• _Given records_

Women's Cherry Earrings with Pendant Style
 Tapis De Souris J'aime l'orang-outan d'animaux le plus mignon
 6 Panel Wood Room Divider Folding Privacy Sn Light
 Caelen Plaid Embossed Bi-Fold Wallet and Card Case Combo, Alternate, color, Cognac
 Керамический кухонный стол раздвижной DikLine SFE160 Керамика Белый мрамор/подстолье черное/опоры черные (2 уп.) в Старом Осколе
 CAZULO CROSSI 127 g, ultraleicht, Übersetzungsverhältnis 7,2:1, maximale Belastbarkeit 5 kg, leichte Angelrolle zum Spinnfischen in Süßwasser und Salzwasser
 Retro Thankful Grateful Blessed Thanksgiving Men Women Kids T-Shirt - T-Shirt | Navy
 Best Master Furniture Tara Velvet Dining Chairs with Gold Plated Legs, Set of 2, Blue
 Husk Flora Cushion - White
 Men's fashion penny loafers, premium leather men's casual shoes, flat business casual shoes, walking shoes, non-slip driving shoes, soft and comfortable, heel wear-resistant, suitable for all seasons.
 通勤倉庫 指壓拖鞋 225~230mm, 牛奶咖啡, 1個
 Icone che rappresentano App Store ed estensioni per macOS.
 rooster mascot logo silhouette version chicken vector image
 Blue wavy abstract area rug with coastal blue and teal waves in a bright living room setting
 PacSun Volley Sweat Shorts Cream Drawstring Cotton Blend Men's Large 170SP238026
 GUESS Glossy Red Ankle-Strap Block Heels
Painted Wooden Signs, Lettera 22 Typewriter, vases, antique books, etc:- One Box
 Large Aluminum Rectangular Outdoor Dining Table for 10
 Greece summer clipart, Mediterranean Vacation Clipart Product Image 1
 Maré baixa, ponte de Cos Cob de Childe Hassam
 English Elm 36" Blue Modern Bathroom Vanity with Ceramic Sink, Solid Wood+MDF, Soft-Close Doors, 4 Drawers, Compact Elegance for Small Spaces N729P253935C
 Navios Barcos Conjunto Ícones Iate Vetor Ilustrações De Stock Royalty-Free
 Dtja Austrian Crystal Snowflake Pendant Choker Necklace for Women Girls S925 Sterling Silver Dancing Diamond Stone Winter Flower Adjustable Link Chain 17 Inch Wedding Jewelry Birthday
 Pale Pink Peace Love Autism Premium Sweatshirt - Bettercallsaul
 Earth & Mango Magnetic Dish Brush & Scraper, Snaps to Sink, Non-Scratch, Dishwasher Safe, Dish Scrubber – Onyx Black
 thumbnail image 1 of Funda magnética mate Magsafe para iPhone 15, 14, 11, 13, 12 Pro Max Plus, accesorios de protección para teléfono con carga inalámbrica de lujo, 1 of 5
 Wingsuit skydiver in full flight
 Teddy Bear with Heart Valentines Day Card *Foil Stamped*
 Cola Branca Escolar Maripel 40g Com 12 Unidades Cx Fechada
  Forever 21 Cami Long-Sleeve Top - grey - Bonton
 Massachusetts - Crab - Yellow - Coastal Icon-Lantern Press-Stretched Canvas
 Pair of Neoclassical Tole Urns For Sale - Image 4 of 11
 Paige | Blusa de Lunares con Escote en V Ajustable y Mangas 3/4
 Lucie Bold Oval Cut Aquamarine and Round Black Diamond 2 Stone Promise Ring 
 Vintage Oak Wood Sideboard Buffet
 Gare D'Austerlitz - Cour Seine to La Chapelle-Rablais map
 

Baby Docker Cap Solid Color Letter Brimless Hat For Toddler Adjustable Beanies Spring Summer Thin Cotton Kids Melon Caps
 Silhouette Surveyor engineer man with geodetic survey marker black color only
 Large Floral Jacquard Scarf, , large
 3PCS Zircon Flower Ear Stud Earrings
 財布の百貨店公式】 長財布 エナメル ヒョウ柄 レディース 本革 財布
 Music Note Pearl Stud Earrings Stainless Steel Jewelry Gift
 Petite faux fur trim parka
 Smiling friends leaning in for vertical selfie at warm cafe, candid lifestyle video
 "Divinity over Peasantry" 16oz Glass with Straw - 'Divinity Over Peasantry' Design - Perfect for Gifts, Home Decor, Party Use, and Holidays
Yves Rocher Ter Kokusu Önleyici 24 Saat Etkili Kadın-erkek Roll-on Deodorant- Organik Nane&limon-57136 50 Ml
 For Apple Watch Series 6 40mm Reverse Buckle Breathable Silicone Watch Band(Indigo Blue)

• _Activity_
Across the records, count the lines that contain the word "Kids" and give that figure alone.

• _Exercise answer_
2